Ainda Paris (Dia Cinco)
Uma das evidências que levo desta vida é a frequência com que o divino entra em contacto com o terreno.
Conheço muitos episódios, que me foram contados na primeira pessoa, sobre contactos com parentes já desaparecidos, segredos revelados por vidência, actos milagrosos atribuídos a um qualquer Deus.
Lamentavelmente, a mim, o metafísico jamais se revelou. O mais perto que esteve de o fazer foi há uns anos atrás quando, por razões que a lógica Descartiana desconhece, o meu carro em funcionamento fechou automaticamente as cinco portas, deixando-me no exterior com as calças na mão. E aqui não uso a expressão "calças na mão" metaforicamente, mas no sentido mais lato da mesma. De calças na mão porque me tinha esquecido do cinto em casa e usava um número muito superior ao que me servia na altura, consequência de um súbito emagrecimento e de uma preguiça total em comprar roupa nova. Um aborrecimento tamanho que me fez amaldiçoar esse dia até à eternidade.
De resto, e apesar de diversas tentativas de contacto extra-sensorial, são anos de vida terrena sem experiências paranormais. Por uma vez que fosse, gostaria que o além me desse um sinal da sua existência, como uma visão do futuro, um milagre maravilhoso ou, pela primeira vez, uma boa crónica da Leonor Pinhão.

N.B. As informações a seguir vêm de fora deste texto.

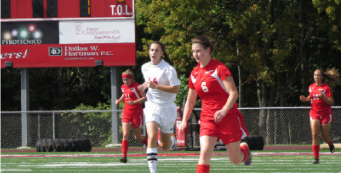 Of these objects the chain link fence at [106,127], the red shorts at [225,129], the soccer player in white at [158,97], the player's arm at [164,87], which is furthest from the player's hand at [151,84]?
the chain link fence at [106,127]

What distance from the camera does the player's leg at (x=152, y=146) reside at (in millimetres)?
10125

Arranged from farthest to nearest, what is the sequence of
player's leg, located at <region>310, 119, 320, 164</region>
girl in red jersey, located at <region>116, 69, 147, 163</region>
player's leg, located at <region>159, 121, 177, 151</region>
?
girl in red jersey, located at <region>116, 69, 147, 163</region> < player's leg, located at <region>310, 119, 320, 164</region> < player's leg, located at <region>159, 121, 177, 151</region>

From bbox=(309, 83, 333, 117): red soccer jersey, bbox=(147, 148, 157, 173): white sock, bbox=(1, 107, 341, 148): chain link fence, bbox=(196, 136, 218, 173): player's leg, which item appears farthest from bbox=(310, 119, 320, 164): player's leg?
bbox=(1, 107, 341, 148): chain link fence

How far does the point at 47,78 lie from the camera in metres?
39.8

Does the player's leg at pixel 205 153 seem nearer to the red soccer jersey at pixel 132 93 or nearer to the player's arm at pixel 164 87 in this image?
the player's arm at pixel 164 87

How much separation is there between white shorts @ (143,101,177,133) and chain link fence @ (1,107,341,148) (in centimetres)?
1320

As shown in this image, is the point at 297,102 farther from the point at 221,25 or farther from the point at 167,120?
the point at 167,120

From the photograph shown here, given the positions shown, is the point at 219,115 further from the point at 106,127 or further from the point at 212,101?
the point at 106,127

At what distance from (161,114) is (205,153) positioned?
2681mm

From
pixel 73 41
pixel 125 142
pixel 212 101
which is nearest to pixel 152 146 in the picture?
pixel 212 101

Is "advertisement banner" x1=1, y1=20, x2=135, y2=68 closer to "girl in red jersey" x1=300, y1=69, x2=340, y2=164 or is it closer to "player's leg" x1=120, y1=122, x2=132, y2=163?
"player's leg" x1=120, y1=122, x2=132, y2=163

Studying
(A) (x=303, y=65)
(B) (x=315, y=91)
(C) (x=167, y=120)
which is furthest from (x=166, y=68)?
(A) (x=303, y=65)

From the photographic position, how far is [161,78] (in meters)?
10.3

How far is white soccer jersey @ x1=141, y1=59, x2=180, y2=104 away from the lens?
10312mm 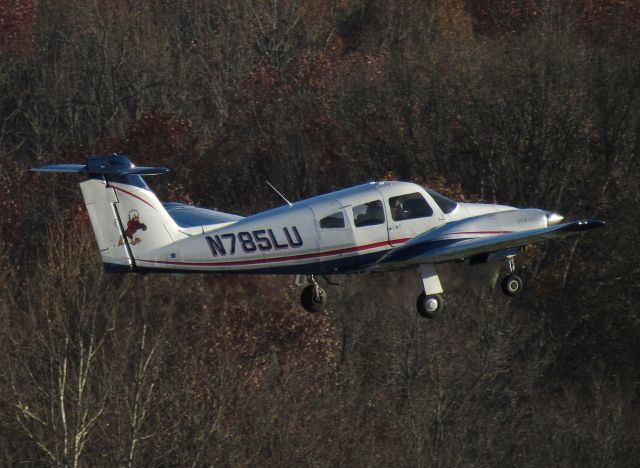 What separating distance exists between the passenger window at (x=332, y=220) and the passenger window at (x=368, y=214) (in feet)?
0.90

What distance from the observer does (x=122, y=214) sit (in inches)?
1164

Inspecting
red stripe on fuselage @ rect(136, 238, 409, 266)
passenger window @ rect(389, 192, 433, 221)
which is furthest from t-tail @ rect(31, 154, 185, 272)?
passenger window @ rect(389, 192, 433, 221)

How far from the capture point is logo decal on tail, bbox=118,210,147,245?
29375 millimetres

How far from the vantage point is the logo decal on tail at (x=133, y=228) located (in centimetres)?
2938

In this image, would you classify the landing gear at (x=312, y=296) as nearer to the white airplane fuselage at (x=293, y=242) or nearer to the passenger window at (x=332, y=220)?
the white airplane fuselage at (x=293, y=242)

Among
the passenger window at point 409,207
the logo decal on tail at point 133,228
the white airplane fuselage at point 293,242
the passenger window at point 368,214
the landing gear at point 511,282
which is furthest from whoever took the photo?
the landing gear at point 511,282

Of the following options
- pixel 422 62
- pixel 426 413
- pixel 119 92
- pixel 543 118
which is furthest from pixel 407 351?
pixel 119 92

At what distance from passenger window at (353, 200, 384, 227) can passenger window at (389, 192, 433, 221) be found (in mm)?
233

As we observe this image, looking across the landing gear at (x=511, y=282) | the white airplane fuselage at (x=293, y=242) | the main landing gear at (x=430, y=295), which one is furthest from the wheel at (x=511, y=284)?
the white airplane fuselage at (x=293, y=242)

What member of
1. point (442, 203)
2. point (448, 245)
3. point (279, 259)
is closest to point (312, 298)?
point (279, 259)

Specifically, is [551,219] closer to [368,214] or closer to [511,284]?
[511,284]

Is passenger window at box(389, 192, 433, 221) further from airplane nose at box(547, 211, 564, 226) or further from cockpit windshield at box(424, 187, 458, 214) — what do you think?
airplane nose at box(547, 211, 564, 226)

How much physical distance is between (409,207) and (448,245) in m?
0.95

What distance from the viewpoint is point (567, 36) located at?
2329 inches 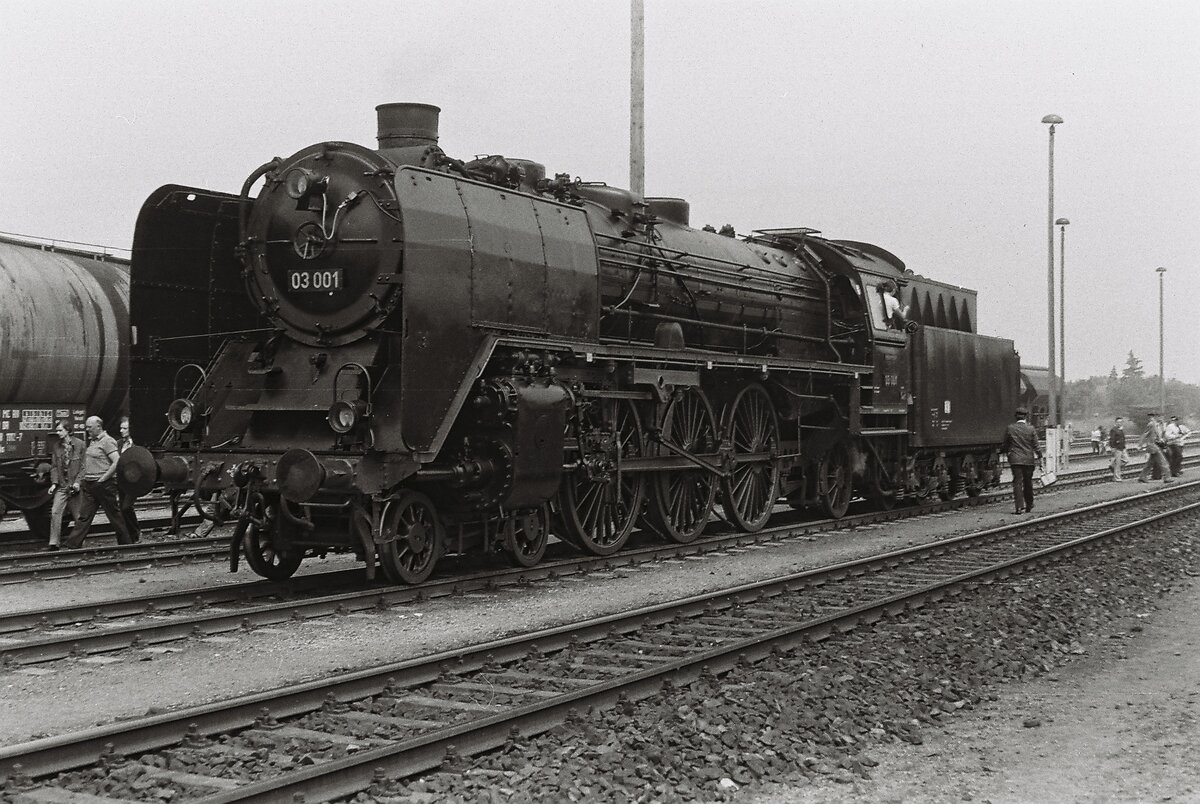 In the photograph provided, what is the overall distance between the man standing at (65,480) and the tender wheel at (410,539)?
5.00 meters

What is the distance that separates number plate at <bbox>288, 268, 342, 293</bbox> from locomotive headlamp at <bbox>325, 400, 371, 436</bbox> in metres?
1.10

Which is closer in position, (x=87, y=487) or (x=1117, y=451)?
(x=87, y=487)

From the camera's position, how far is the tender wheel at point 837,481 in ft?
54.4

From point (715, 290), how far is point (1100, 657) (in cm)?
701

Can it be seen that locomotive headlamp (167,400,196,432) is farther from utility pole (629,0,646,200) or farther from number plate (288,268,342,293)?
utility pole (629,0,646,200)

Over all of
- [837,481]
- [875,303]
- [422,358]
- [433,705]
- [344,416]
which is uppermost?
[875,303]

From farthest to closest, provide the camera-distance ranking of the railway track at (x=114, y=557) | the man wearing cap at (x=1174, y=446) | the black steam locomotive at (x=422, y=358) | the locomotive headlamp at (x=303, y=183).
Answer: the man wearing cap at (x=1174, y=446)
the railway track at (x=114, y=557)
the locomotive headlamp at (x=303, y=183)
the black steam locomotive at (x=422, y=358)

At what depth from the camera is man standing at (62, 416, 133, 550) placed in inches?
515

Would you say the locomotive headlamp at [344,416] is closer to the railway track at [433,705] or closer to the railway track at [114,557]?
the railway track at [433,705]

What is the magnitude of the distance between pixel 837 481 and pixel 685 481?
378cm

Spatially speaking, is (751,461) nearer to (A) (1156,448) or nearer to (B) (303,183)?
(B) (303,183)

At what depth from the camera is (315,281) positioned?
10.1 metres

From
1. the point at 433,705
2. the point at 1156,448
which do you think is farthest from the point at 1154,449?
the point at 433,705

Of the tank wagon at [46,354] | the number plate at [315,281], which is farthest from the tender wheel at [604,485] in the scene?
the tank wagon at [46,354] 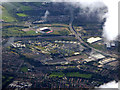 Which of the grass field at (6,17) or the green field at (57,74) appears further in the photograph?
the grass field at (6,17)

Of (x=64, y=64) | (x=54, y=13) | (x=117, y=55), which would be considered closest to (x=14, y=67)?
(x=64, y=64)

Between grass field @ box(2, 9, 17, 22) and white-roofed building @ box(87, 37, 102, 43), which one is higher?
grass field @ box(2, 9, 17, 22)

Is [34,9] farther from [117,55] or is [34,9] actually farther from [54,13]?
[117,55]

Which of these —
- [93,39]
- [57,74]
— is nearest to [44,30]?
[93,39]

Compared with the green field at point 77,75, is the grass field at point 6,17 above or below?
above

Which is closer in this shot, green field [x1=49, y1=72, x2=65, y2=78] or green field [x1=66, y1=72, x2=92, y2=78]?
green field [x1=49, y1=72, x2=65, y2=78]

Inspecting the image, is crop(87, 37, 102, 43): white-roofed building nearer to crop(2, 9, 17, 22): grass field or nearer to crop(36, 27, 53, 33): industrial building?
crop(36, 27, 53, 33): industrial building

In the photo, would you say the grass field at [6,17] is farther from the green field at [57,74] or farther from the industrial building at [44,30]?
the green field at [57,74]

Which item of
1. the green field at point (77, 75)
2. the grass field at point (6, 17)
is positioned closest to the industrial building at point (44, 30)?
the grass field at point (6, 17)

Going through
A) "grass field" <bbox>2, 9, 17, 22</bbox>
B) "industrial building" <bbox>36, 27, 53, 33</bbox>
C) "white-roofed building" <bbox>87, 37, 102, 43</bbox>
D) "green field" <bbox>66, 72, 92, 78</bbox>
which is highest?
"grass field" <bbox>2, 9, 17, 22</bbox>

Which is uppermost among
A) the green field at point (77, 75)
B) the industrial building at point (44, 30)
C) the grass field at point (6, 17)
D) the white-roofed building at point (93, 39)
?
the grass field at point (6, 17)

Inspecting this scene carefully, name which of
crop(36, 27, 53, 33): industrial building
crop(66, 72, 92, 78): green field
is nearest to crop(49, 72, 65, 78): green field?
crop(66, 72, 92, 78): green field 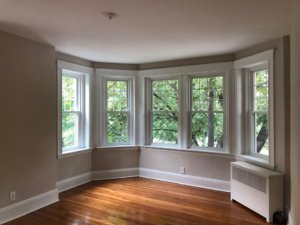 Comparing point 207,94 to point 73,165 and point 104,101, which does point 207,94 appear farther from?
point 73,165

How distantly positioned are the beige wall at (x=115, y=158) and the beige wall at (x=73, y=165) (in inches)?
5.5

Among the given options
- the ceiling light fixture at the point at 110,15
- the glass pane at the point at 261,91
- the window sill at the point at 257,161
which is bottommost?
the window sill at the point at 257,161

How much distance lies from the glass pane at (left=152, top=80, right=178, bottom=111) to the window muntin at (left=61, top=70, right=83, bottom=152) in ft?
4.88

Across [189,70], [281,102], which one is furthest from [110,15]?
[189,70]

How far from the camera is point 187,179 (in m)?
5.04

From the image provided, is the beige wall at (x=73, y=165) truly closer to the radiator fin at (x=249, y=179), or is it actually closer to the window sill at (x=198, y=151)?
the window sill at (x=198, y=151)

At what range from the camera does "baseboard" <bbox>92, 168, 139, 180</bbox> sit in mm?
5338

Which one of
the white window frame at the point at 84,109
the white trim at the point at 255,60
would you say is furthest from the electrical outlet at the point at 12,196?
the white trim at the point at 255,60

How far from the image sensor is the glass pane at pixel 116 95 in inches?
216

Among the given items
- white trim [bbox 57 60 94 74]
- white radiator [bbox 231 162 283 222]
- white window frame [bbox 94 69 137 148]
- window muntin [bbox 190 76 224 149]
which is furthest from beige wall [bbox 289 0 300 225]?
white window frame [bbox 94 69 137 148]

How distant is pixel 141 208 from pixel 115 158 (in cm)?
179

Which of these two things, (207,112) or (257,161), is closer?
(257,161)

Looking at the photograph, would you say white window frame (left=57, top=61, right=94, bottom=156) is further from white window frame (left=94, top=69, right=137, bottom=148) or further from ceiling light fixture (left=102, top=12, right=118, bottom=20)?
ceiling light fixture (left=102, top=12, right=118, bottom=20)

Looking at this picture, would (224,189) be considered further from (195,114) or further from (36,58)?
(36,58) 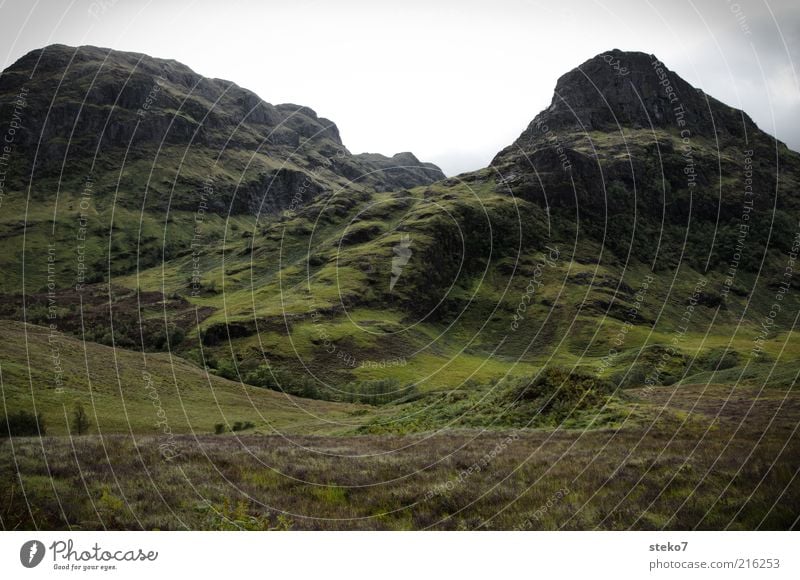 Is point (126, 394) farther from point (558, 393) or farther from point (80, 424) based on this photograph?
point (558, 393)

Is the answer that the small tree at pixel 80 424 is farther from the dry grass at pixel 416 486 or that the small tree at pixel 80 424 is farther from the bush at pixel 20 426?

Recordo-me, por exemplo, de como chegava mais cedo ao colégio religioso da minha infância para ir rezar para a capela (para gáudio das irmãs de hábito cinzento! Mal elas imaginavam...), pedindo em surdina ao Todo-Poderoso para a minha freira-professora estar doente e, por isso, não dar aulas. Nunca aconteceu.
Ou das várias vezes que fui convidado por amigos (ou em que me fiz forçadamente de conviva) para participar numas das muitas sessões espíritas que faziam. Tentei afincadamente, mas em vão. O copo nunca deslizou no famoso jogo em que um espírito responde acertadamente às perguntas mais indiscretas que se lhe possam fazer. Sempre que participei, não só o copo não se mexeu, como fui sempre acusado de ser o culpado pelo insucesso do conjunto. "Mau karma" - apontou, um dia, uma parceira de mesa que alegava que a mãe, numa ocasião há alguns anos atrás, se havia transformado em cobra e regressado ao estado normal em menos de uma hora.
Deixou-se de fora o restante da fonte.